Antituberculosis drugs: reducing efflux=increasing activity.

作者信息

Rodrigues Liliana, Parish Tanya, Balganesh Meenakshi, Ainsa José A

机构信息

Grupo de Genética de Micobacterias, Departamento de Microbiología, Medicina Preventiva y Salud Pública, Facultad de Medicina and BIFI, Universidad de Zaragoza, Zaragoza, Spain; CIBER Enfermedades Respiratorias (CIBERES), Madrid, Spain; Fundación Agencia Aragonesa para la Investigación y Desarrollo (ARAID), Zaragoza, Spain.

TB Discovery Research, Infectious Disease Research Institute, Seattle, WA, USA.

出版信息

Drug Discov Today. 2017 Mar;22(3):592-599. doi: 10.1016/j.drudis.2017.01.002. Epub 2017 Jan 13.

Abstract

In mycobacteria, it was assumed that efflux pumps only had a marginal role in drug resistance.
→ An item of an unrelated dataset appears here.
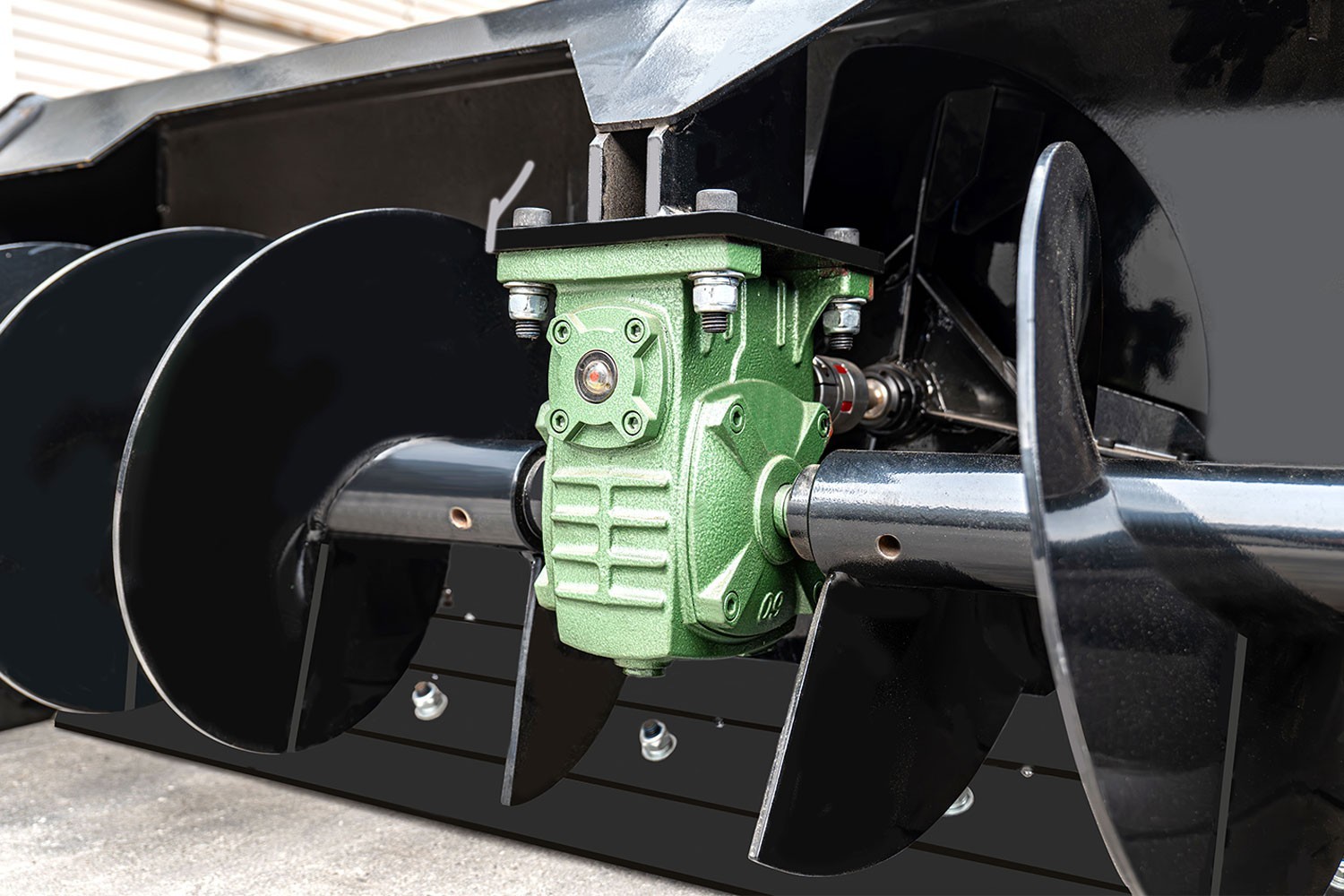 Bobcat-compatible snow blower Efficient flexible snow removal attachment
In recent years, owing to the need to find novel drugs against multidrug-resistant tuberculosis, it has become clear that efflux should not be ignored. Although efflux inhibitors have been very useful for characterizing in vitro the properties of efflux pumps, their usefulness in vivo is limited because of their toxicity. Alternatively, programs aimed at discovering novel drugs for treating tuberculosis should implement strategies to characterize efflux liability of candidate drugs. Here, we present an experimental approach for studying efflux of compounds selected under the More Medicines for Tuberculosis research project, and a few examples of how, for tuberculosis drug discovery, efflux matters.

摘要

在分枝杆菌中,人们曾认为外排泵在耐药性方面仅起次要作用。近年来,由于需要寻找针对耐多药结核病的新型药物,外排现象显然不应被忽视。尽管外排抑制剂对于在体外表征外排泵的特性非常有用,但由于其毒性,它们在体内的效用有限。另外,旨在发现治疗结核病新药的项目应实施策略来表征候选药物的外排倾向。在此,我们提出一种实验方法,用于研究在“更多结核病药物”研究项目下所选化合物的外排情况,并举例说明外排在结核病药物研发中的重要性。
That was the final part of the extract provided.